La gamma Galaxy S26 di Samsung potrebbe subire un rincaro in Corea del Sud a partire dal 1° ottobre. Secondo i media coreani, l’aumento riguarderebbe tutti e tre i modelli della serie, Galaxy S26, S26+ e S26 Ultra, e sarebbe legato al rincaro dei componenti. Samsung non ha ancora confermato ufficialmente la notizia.

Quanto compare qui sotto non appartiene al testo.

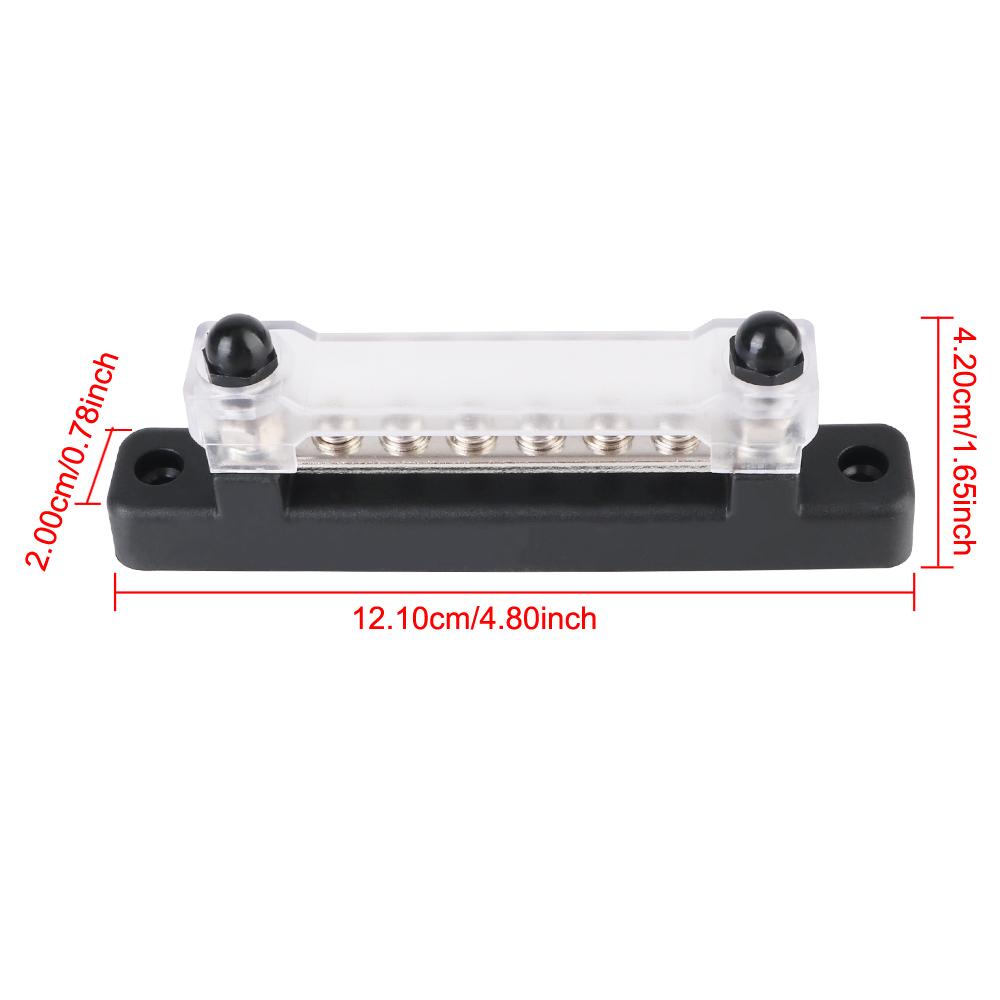 48V 150A DC Universal For Boat Truck RV Caravan Car Bus Bar Power Distribution Block 6 Ways Electro Junction Circuit Busbar Plug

Un rincaro identico per tutti e tre i modelli

Secondo quanto riportato, l’aumento sarebbe di 149.600 won per ciascun modello, una cifra che corrisponde a circa 16.000 yen giapponesi (l’equivalente, a cambio corrente, di poco meno di 100 euro). Ecco come cambierebbero i prezzi in Corea, secondo le indiscrezioni:

  • Galaxy S26: da 1.254.000 a 1.403.600 won
  • Galaxy S26+: da 1.452.000 a 1.601.600 won
  • Galaxy S26 Ultra: da 1.797.400 a 1.947.000 won

La causa sarebbe il costo crescente della memoria

Dietro il possibile rincaro ci sarebbe l’aumento dei prezzi dei componenti per smartphone, in particolare della memoria DRAM. Un aspetto curioso è che Samsung è essa stessa un produttore di memorie, ma ciò non sembra sufficiente ad assorbire completamente l’aumento dei costi di produzione dei propri dispositivi finali.

Effetti possibili anche fuori dalla Corea

Le informazioni circolate finora riguardano esclusivamente il mercato coreano, ma non si può escludere che un aumento di prezzo applicato in patria si estenda anche ad altri mercati, Italia compresa. Va detto che ogni paese ha condizioni diverse in termini di cambio valutario, prezzi di listino e accordi con gli operatori telefonici, quindi un eventuale rincaro locale non seguirebbe necessariamente la stessa entità di quello coreano.

Al momento, quindi, si tratta di un’indiscrezione non confermata nemmeno per il mercato d’origine, e Samsung non ha comunicato alcuna variazione di prezzo per i modelli venduti al di fuori della Corea. Considerando però che l’aumento dei costi dei componenti, memorie in testa, riguarda l’intero settore degli smartphone, non si può escludere che anche la gamma Galaxy S26 venga coinvolta da revisioni di prezzo nei prossimi mesi, in Corea come altrove.